EXERCISE DATA:
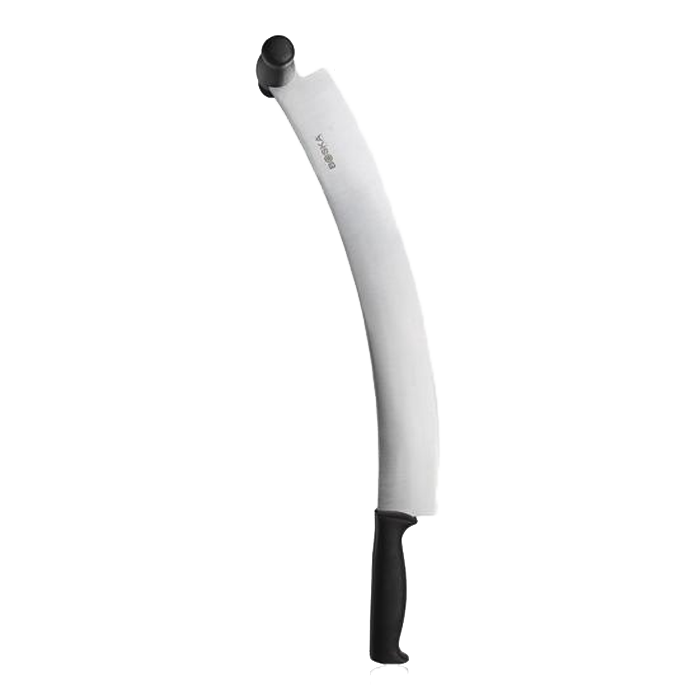 Ostekniv stor m/2 håndtag 38 cm 105380
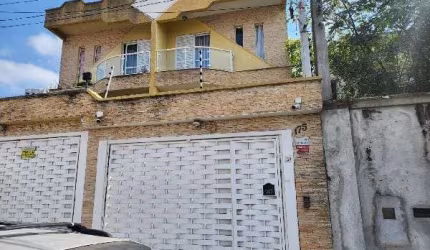 Casa à venda 3 Quartos, 1 Vaga, 10M², VILA CARRAO, SAO PAULO - SP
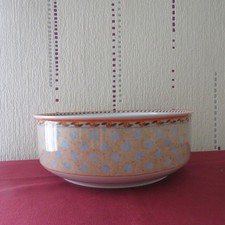 Saladier porcelaine - 1,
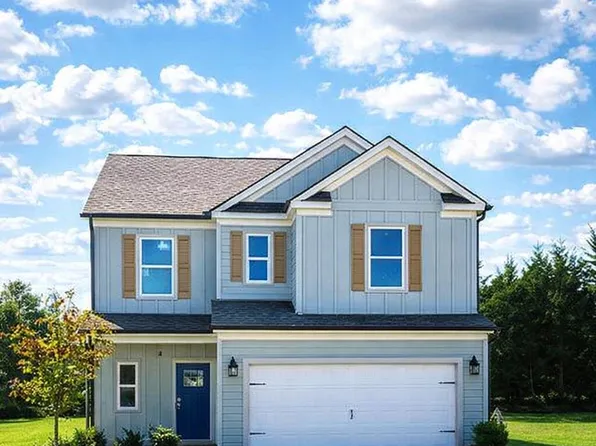 8233 Shrewsbury Ln #43, Ooltewah, TN 37363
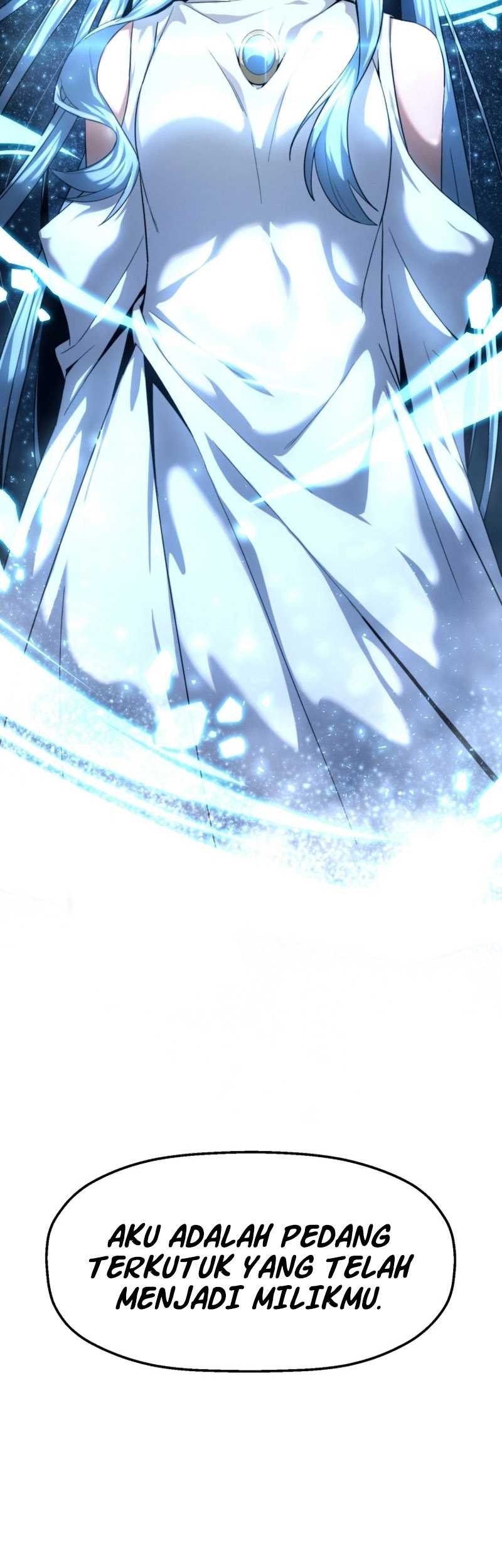 Damn Demonic Swords Chapter 4 - halaman 53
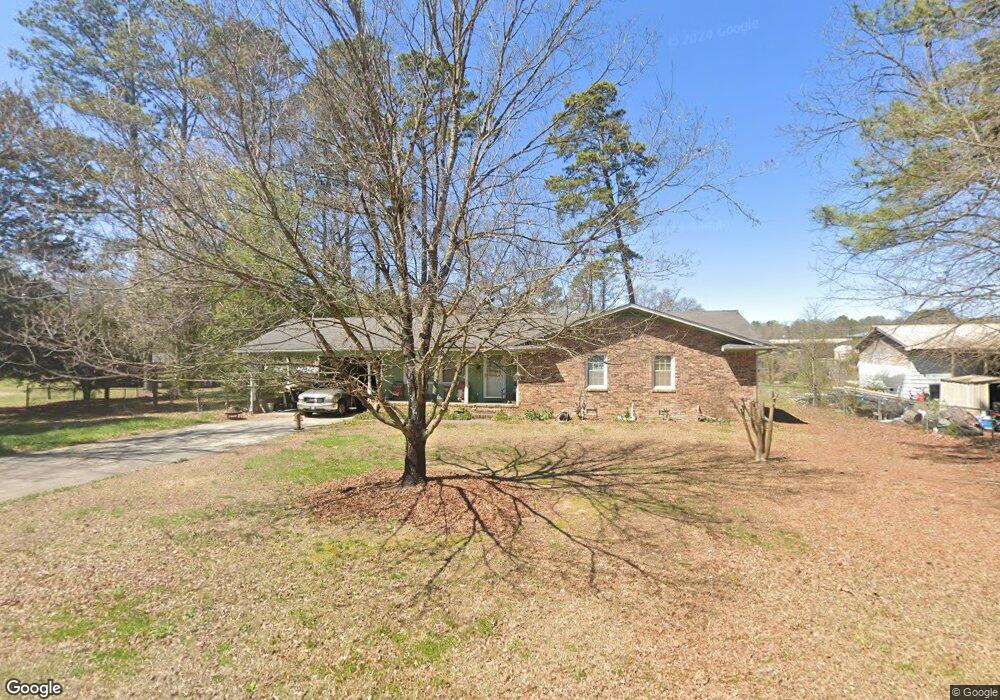 406 Greenview Ct, Cedartown, GA 30125 - photo 1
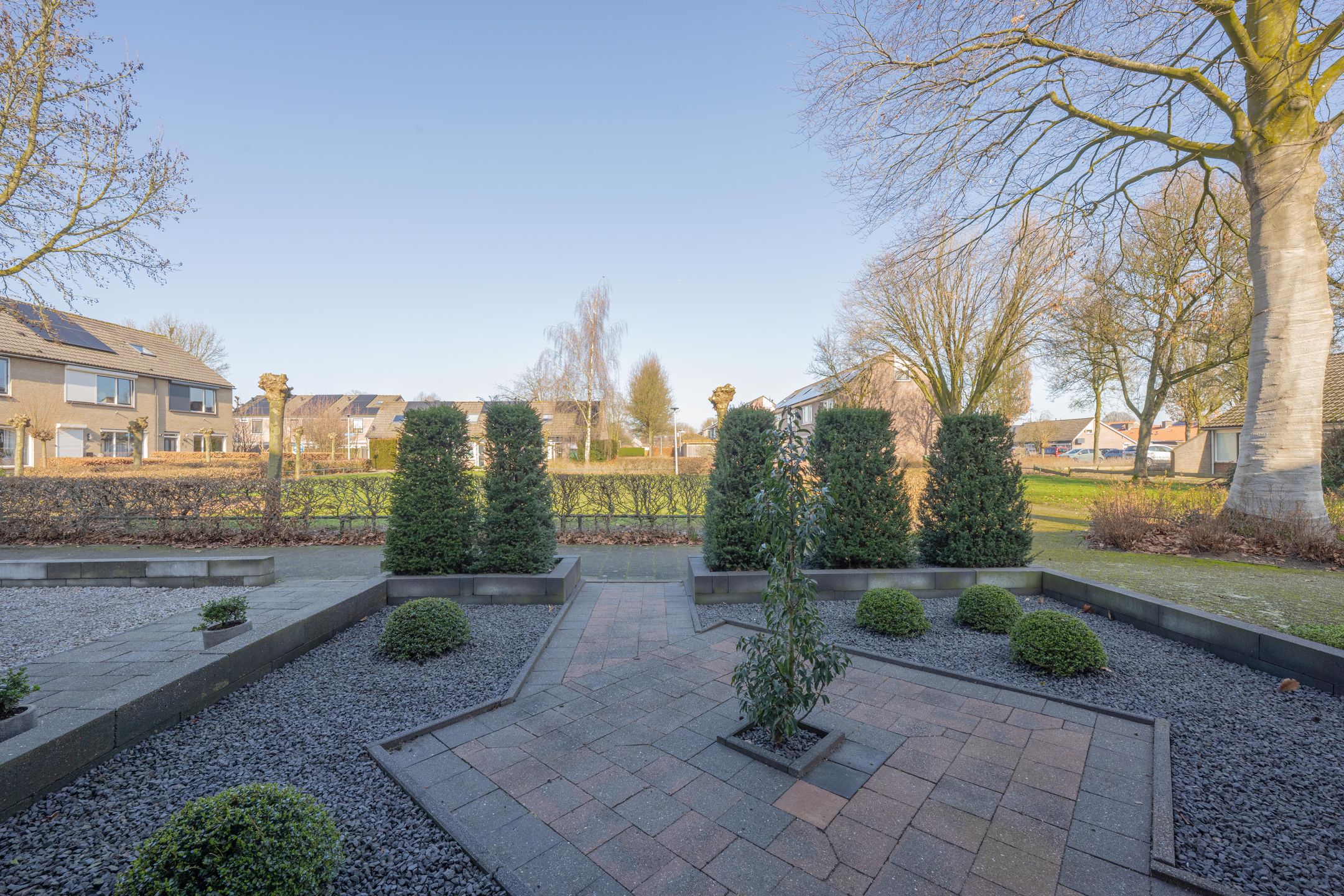 Photo 12 of Vinkenpark 6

TASK INSTRUCTIONS: Reproduce the data above word for word from its first line through the line that holds "406 Greenview Ct, Cedartown, GA", both ends included; skip pictures.

FINISHED EXERCISE:
 Ostekniv stor m/2 håndtag 38 cm 105380
 Casa à venda 3 Quartos, 1 Vaga, 10M², VILA CARRAO, SAO PAULO - SP
 Saladier porcelaine - 1,
 8233 Shrewsbury Ln #43, Ooltewah, TN 37363
 Damn Demonic Swords Chapter 4 - halaman 53
 406 Greenview Ct, Cedartown, GA 30125 - photo 1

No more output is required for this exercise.